To its credit, Metal Lords has some emotional chops during its rare moments of humanity. Watching Kevin learn the drums as he absorbs metal music hits home powerfully, and his romance with Emily is very sweet. Hainsworth’s Emily is overall a great character, imperfect and uneven in a way that makes you root for her. As you watch her navigate her mental health issues and see Kevin lose his way after joining a lame cover band and hopping in a hot tub with another cute girl, you feel her pain. Meanwhile, the popular kids are lame, but they aren’t assholes – they even love Kevin’s double-bass drumming – which is a cool dodge of a tired cliche. Finally, the closing performance at the Battle of the Bands is fun as fuck, and shows how everyone loves metal so long as it rules. “Machinery of Torment” is a rad song. That’s undeniable.

But two things drag all this down. The first is Hunter. Dude sucks, and in an unrealistic way. His metalheaddom feels performative, both for the character and for the viewer.

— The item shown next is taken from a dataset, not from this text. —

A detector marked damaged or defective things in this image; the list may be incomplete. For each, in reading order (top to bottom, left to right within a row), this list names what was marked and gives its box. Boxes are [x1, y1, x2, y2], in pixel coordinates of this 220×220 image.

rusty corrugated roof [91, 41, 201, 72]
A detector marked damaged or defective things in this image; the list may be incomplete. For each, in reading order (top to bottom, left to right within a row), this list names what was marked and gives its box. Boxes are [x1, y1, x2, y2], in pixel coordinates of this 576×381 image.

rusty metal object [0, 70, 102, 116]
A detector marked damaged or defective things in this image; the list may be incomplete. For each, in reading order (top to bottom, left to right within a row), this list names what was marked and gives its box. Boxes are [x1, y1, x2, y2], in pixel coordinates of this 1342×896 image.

All of the metal cliches are heaped upon him — asshole guitar player, asshole to girls, asshole D&D participant. He’s constantly getting beaten up by bullies, but it’s hard to care because he’s such a shithead himself. He’s daring and earnest when the film needs him to be and utterly exhausting otherwise. Where does it come from? His negligent plastic-surgeon dad, who provides him with unlimited funds, a muscle car, and the coolest room any kid could ever have…but not affection. When Hunter finally grows as a person, it’s too easy, too out-loud. The character feels like a surface-level avatar for the metal genre, an amalgamation of Internet research whom no real metalhead has ever actually hung out with.

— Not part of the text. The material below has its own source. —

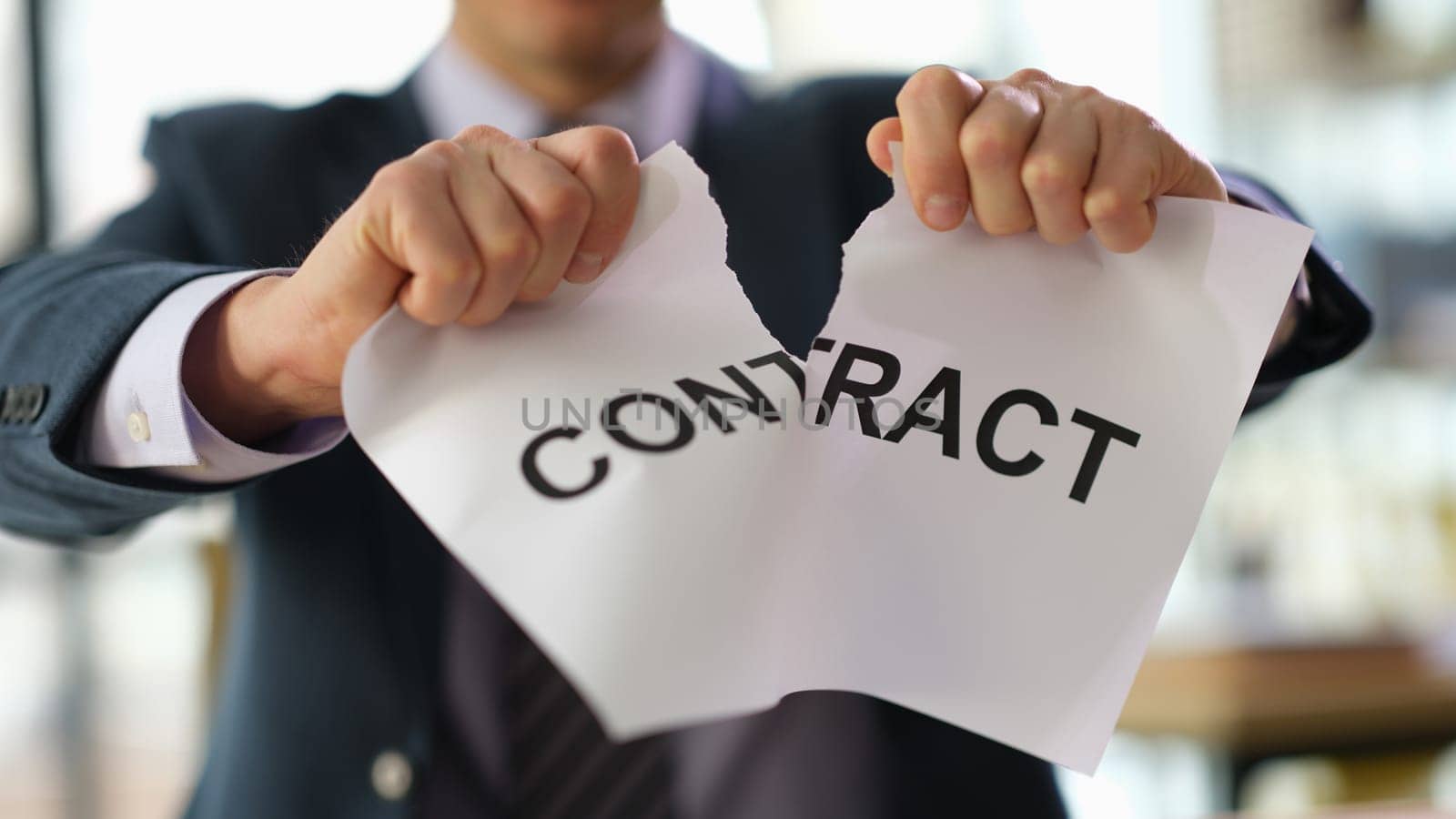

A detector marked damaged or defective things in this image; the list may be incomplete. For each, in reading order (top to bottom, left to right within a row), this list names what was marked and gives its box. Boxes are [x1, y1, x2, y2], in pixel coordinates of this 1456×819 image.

torn white paper [340, 136, 1310, 769]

And then, there’s the metal. Look, the movie brings a lot of Celtic Frost album art and Meshuggah shirts, so it has a leg up on some more of the phoned-in metal-themed movies out there (it definitely feels more genuine than Sound of Metal’s indie-rock pulled-punches interpretation of the genre). But musically, it’s all Judas Priest and “War Pigs,” with a Zeal & Ardor track played over a corpsepaint scene that the film doesn’t earn. Multiple characters reference Rock of Ages, a song and/or musical that no high school kid after 2015 has ever given a shit about. No one’s on Metal Archives or Bandcamp. There’s no Gatecreeper, no Power Trip, not even BABYMETAL The whole thing feels like it was written to take place in another era – sometimes ‘85, sometimes ‘98, sometimes ‘03 – but doesn’t care about what it is to love this music in 2022. When Emily finally shows up to the Battle of the Bands in torn fishnets like a goth version of Sandy at the end of Grease, it’s like a statement on the movie as a whole – any other story, just in ragged black and buckled leather.

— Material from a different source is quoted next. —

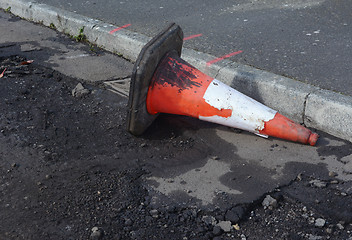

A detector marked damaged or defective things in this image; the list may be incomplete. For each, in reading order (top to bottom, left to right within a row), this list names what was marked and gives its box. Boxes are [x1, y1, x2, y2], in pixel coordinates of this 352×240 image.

damaged cone [127, 23, 320, 146]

You could argue that Metal Lords isn’t for me, and maybe that has some merit. I’m a middle-aged dad judging a teen comedy, after all. But a big part of being a metalhead is always remembering what it was like to discover heavy metal in your youth. The genre creates an internal time warp within its fans that forever connects them to the moment this art made them feel complete when nothing else did. Metal Lords tries hard to nail that moment, which is commendable – but it tries too hard, and can’t see the grim, frostbitten forest for all the denim-and-leather trees. The movie doesn’t feel like it knows us – and if metal can’t connect with who you really are on the inside, then it’s all just a bunch of noise.

Metal Lords can be streamed now on Netflix.